The effect of common minerals on plastic filling modification
Filling modification of plastics refers to a type of composite technology that adds low-cost fillers to resin to reduce the cost of polymer products. Its primary purpose is often to reduce costs. But since it is filling modification, it is also possible to improve certain properties after filling.
In thermoplastics, filling can improve the heat resistance, rigidity, hardness, dimensional stability, creep resistance, wear resistance, flame retardancy, smoke elimination and degradability of composite products, and reduce the molding shrinkage rate to improve Product accuracy; in thermosetting plastics, in addition to the aforementioned performance improvements, some resins are essential reinforcing materials in processing, such as unsaturated resins, phenolic resins and amino resins, which all need to be filled and reinforced.
Common modification properties of fillers
① Improve the rigidity of composite materials: specifically reflected in performance indicators such as flexural strength, flexural modulus, and hardness. The higher the silica content in the filler, the more obvious the rigidity modification effect will be. The order of rigidity modification of various fillers is silica (increase by 120%) > mica (increase by 100%) > wollastonite (increase by 80%) > barium sulfate (increase by 60%) > talc (increase by 50%) > Heavy calcium carbonate (increased by 30%) > light calcium carbonate (increased by 20%).
② Improve the dimensional stability of composite materials: specifically reflected in reducing shrinkage, reducing warpage, reducing linear expansion coefficient, reducing creep, and increasing isotropy. The order of dimensional stability effects is spherical fillers > granular fillers > flaky fillers >Fibrous filler.
③Improve the heat resistance of composite materials: The specific performance index is the heat deformation temperature. For example, the heat deformation temperature increases with the increase of talc powder content.
④ Improve the thermal stability of composite materials: Inorganic powders can absorb and promote analyte substances to varying degrees, thereby degrading the degree of thermal decomposition.

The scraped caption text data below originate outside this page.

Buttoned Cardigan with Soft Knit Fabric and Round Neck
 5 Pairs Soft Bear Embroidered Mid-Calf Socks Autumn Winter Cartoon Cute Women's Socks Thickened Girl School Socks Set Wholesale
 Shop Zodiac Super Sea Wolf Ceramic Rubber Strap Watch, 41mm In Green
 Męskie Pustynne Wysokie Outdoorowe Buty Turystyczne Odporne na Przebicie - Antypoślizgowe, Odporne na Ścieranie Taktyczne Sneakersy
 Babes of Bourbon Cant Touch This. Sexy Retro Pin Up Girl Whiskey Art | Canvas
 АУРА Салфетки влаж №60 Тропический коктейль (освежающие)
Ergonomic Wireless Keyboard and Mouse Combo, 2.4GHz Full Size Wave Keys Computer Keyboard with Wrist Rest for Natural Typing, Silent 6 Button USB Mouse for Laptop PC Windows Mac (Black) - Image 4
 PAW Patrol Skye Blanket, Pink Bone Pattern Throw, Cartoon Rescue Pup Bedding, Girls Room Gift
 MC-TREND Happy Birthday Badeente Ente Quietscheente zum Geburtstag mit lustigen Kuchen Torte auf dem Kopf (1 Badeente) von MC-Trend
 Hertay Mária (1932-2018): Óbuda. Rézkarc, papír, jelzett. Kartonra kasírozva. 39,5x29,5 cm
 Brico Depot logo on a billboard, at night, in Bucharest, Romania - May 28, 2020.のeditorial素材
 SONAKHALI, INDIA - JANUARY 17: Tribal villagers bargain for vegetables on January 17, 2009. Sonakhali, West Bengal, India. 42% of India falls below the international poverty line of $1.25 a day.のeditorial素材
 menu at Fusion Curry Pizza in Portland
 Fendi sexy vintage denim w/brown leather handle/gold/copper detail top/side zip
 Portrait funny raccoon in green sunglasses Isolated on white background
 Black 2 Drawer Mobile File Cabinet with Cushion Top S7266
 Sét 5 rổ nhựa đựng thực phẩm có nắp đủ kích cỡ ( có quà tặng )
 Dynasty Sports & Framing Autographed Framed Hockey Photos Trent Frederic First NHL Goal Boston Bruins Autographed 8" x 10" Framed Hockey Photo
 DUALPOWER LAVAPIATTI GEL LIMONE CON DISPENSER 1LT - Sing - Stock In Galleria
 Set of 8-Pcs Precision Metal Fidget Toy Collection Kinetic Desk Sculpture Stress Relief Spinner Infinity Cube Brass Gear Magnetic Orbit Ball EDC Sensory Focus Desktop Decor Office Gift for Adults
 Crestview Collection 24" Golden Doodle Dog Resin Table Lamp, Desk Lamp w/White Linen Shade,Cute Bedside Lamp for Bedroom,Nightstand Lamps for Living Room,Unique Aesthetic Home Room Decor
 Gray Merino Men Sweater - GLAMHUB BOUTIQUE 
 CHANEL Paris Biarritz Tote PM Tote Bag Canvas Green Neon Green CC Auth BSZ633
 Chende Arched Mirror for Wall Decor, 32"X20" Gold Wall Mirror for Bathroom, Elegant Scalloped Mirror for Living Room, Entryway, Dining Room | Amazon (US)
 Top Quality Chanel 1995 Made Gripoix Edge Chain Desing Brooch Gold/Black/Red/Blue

In addition, inorganic fillers can also improve the wear resistance and hardness of composite materials.
Special modified properties of fillers
The reason why it is called the special modifying properties of fillers is that some fillers have and some do not have these modifying functions. The same filler may or may not have modifying functions under different conditions.
① Improve the tensile and impact properties of composite materials: Inorganic powder cannot always improve the tensile and impact properties of composite materials. It can only be improved when special conditions are met, and the improvement is not large. After the inorganic filler reaches a certain fineness, the tensile strength and impact strength of the composite material can be improved if the filler surface is well coated and a compatibilizer is added to the composite system.
② Improve the fluidity of composite materials: Most inorganic powders can improve the fluidity of composite materials, but talc powder reduces the fluidity of composite materials.
③ Improve the optical properties of composite materials: Inorganic powder can improve the covering, matting and astigmatism of composite materials. For example, titanium dioxide is a typical inorganic pigment with strong covering power.
④Improve the environmentally friendly combustion performance of composite materials: First, inorganic powder materials can make composite materials burn thoroughly, because cracks will occur during combustion and increase the oxygen contact area; second, inorganic powder materials can absorb some toxic gases when composite materials burn, Reduce toxic gas emissions; third, inorganic powder improves the thermal conductivity of composite materials, making combustion faster and shortening combustion time.
⑤ Promote the flame retardancy of composite materials: Not all inorganic powders are helpful for flame retardancy. Only inorganic powders containing silicon elements can help improve the flame retardancy and can be used as flame retardant synergists. The specific reason is that when silicon-containing materials are burned, a barrier layer can be formed on the surface of the combustion material to reduce the probability of oxygen contacting the material surface.
⑥ Optimize other properties of composite materials: nucleating agent function. When the particle size of talc powder is less than 1 μm, it can act as an inorganic nucleating agent in PP. To block infrared rays, inorganic powders containing silicon such as talc, kaolin, and mica all have good infrared and ultraviolet blocking properties.